Technique or Treatment
Positioning for TEM
For the rigid platform, the patient needs to be positioned so that the lesion is 'down' relative to the angled stereoscopic optic system, which is fixed to the proctoscope with the bevelling facing downward. Depending on the location of the lesion, the patient may need to be in a prone position for anterior lesions, supine or lithotomy for posterior lesions, and right or left-sided tilt for lateral lesions.
Positioning for TAMIS
Less positioning is required in TAMIS as the port allows for 360 degrees of movement and visualization. The patient is placed in the lithotomy position regardless of the orientation and location of the lesion. In certain circumstances, some surgeons may prefer the lithotomy position for distal and mid rectal lesions but the prone position for proximal anterior lesions.[34]
Resection
Diathermy is used to mark out a margin of 10 to 15 mm around the lesion. Dissection is typically started on the lower edge of the lesion, working superiorly in a circumferential manner. Malignant lesions require full-thickness excision of the rectal wall down to the mesorectal fat. The defect in the rectal wall is transversely closed with absorbable sutures to prevent lumenal stenosis. The specimen is orientated, kept in formalin, and sent for histological assessment. The risk of entering the peritoneal cavity is much higher for proximal anterior lesions. Perforations can generally be closed without entry into the abdomen. Full-thickness excision is typically recommended even for benign neoplasms as these lesions can harbor an invasive component.[34][37][38]
Complications
Patients who undergo local excision using rectal microsurgery generally have better functional outcomes than transabdominal procedures. Nonetheless, fecal incontinence remains a possible complication often attributed to using a large-diameter proctoscope. Other potential sequelae include post-operative rectal bleeding, proctalgia, rectal stenosis, and pelvic inflammation or abscess.

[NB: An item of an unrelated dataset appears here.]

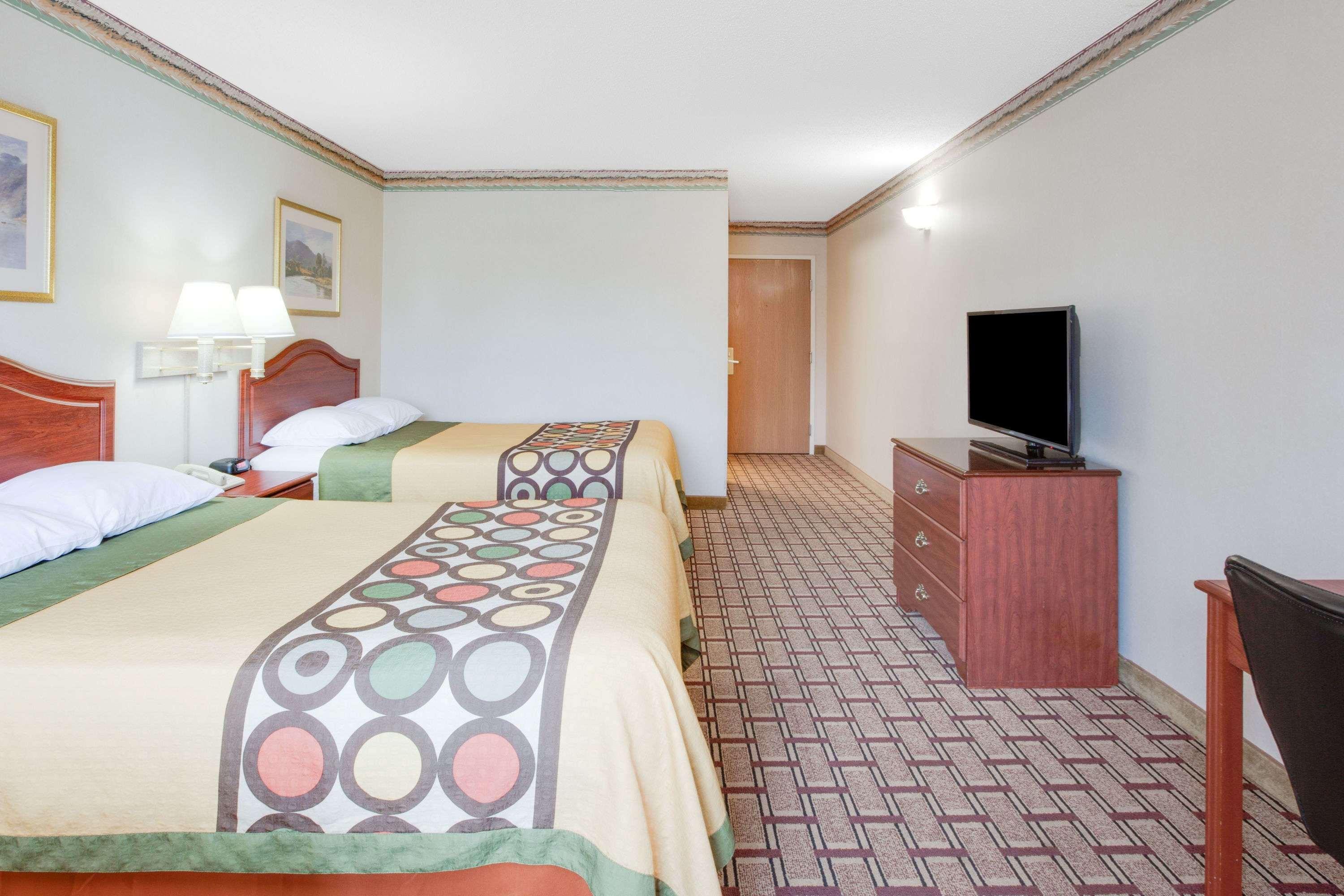 Baymont By Wyndham Traverse City Extérieur photo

In certain cases, free perforation into the abdominal cavity may occur, leading to peritonitis and the need for major transabdominal surgery. Generally, rectal microsurgery is considered very safe and far superior in terms of hospital stay and recovery compared to traditional mesorectal excision.[39][40]
Clinical Significance
The indications, techniques, platforms, and complications of rectal microsurgery are discussed in this article. Overall awareness of different platforms and techniques enables health professionals to select patients correctly and provide adequate clinical information and aftercare for those undergoing this procedure. Recognizing normal post-operative recovery versus potential complications will also prevent unnecessary investigation or delay in diagnosis and treatment.

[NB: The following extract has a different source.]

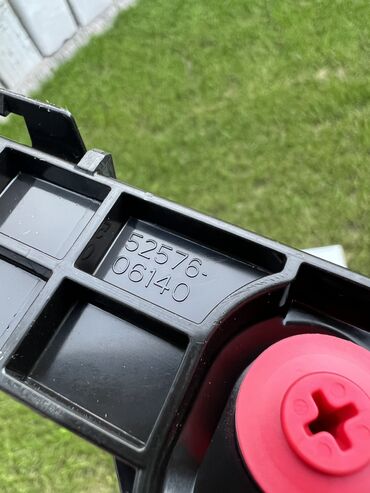 Крылья и комплектующие: Крепление крыла Заднее левое Toyota, 2017 г., Новый, Оригинал — 9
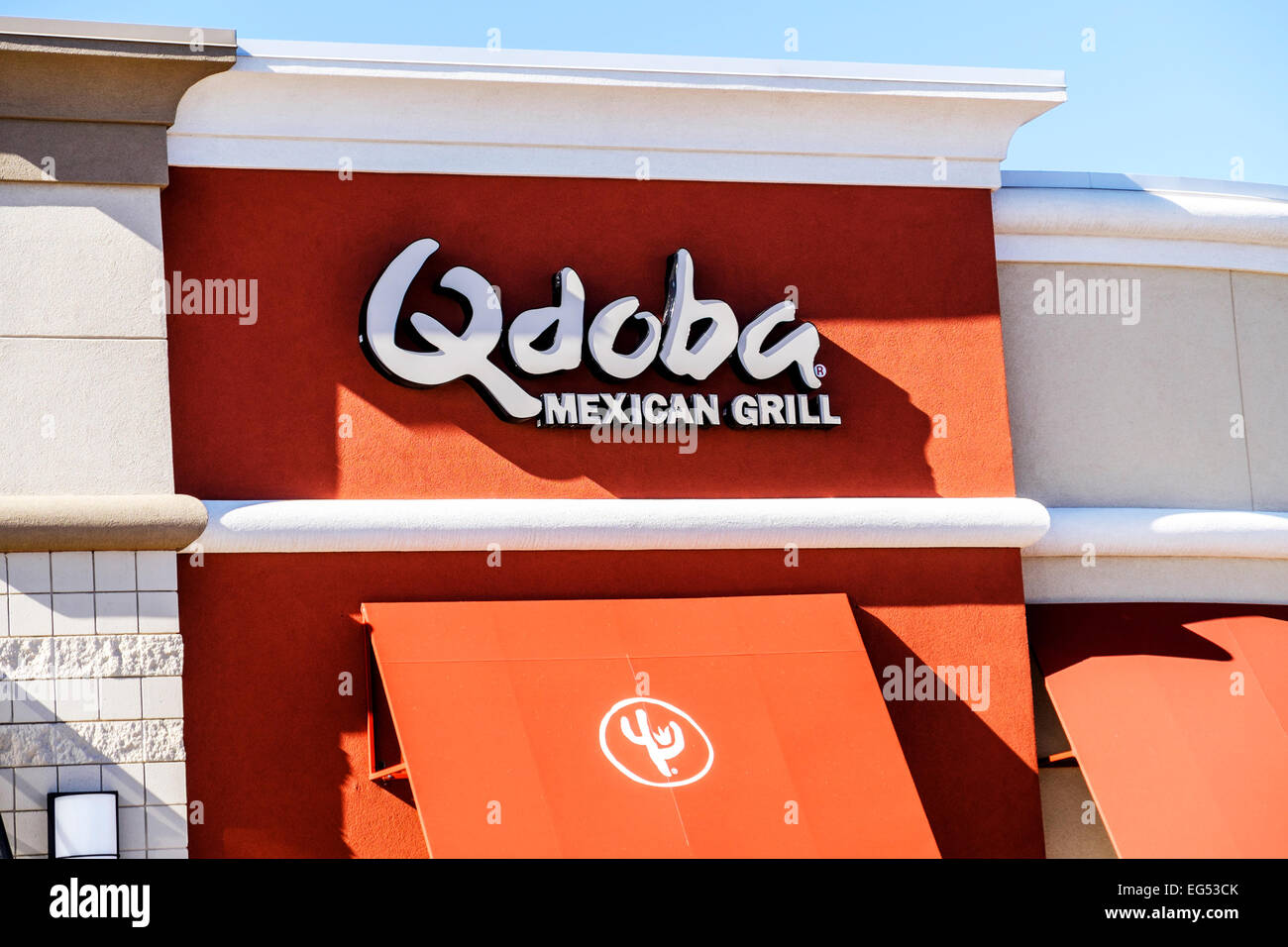 Qdoba Mexican Grill segno e logo sulla parte anteriore del ristorante nella città di Oklahoma, Oklahoma, Stati Uniti d'America. Foto Stock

Enhancing Healthcare Team Outcomes
An interprofessional approach to colorectal cancer is crucial for achieving good patient outcomes. Rectal microsurgery is an emerging technique. Knowledge of patient selection and procedural steps are essential for good postoperative care and early identification of potential complications utilizing clinicians (MDs, DOs, PAs, and NPs), nursing staff, and in some cases, pharmacists. Teamwork and open communication are necessary to establish effective communication and advancement of clinical knowledge aimed at optimizing care for patients and reducing unnecessary hospital stays.